New Pottery Similar to Original Grueby and Teco Shapes

Arts and Crafts styled green glazed Teco and Grueby pottery brought record prices. A 6¾″ Teco vase (Fig. 9) brought $19,550 at Christie's 20th-century auction in November 1999. Single color Grueby has been selling for $2,000-$5,000 (two color pieces have sold as high as $34,000+).

The thick mottled green glaze and simple organic shapes that characterize the originals are now recreated in a series of inexpensive reproductions by Haeger Pottery of Dundee, Illinois. Some of the new pieces are direct copies of original shapes; others are based on the general Arts and Crafts style. New samples in this article were purchased by ACRN for $25-$45.

Collectors and dealers of Grueby and Teco won't have any problems spotting the new look-alikes. But if you've only seen these potteries in reference books or auction house press release photos, you might only recall the record prices and not be aware of how new and old differ.

The new ware is slip cast in molds; the mold halves produce obvious seam lines (Fig. 6). Grueby was hand thrown and Teco was hand finished; there is never a mold seam visible on originals. The pattern molded on the outside of new pieces is visible as a mirror image on the inside (Fig. 5); originals are smooth on the inside with no pattern visible. Bases on the majority of the new pieces are unglazed; bottoms of originals were almost always glazed on the bottom.

Most, but not all, of our new Haeger samples has a very small rubber stamped black ink mark (Fig. 7). On most pieces this was covered over by the factory applied felt pads. Virtually every authentic piece of Grueby has an impressed mark (although it is sometimes hard to see because of the thick glaze). Teco was also almost always signed with an impressed mark.

The new glaze is a high quality mottled green (Fig. 8) similar to original Teco and Grueby but not as thick and with more gloss than original glazes.


Fig. 1 New vase, green mottled glaze, 7″ tall. Stylized flower bud and stem in center. Design copied from original Grueby in Fig. 2.


Fig. 2 Original Grueby vase, ca. 1900, about 8″ tall. Green glaze. Impressed mark on base, "Grueby Faience Co., Boston, U.S.A."


Fig. 3 New Teco-like vase.
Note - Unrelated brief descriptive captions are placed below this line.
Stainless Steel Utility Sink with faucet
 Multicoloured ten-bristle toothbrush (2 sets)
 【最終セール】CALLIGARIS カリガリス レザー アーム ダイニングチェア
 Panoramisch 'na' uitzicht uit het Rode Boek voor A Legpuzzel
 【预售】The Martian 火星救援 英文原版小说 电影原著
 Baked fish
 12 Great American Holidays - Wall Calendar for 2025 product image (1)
Green mottled glaze, 12″ tall.


Fig. 4 New flower petal vase similar to Grueby and other Arts and Crafts organic shaped pottery. Green mottled glaze, 8″ tall, 9″ diameter.


Fig. 5 View inside new vase in Fig. 4. The pattern on the outside of the new pieces is visible on the inside wall. On virtually all authentic Arts and Craft period pottery the pattern cannot be seen on the inside.


Fig. 6 Obvious casting seam across unglazed bottom of new vase. Such obvious casting seams are almost never found on original Arts and Crafts period pottery. Also note that the bottom is unglazed.


Fig. 7 Small Haeger ink stamp is easily covered up. This ¾″ felt pad applied at the pottery concealed almost the entire mark.


Fig. 8 Close up view of new mottled and textured glaze. Similar in style to original period glazes. Color and thickness of glaze varies from piece to piece.


Fig. 9 Original 6¾″ Teco vase. Another original very similar to this shape sold for $19,550 in November, 1999.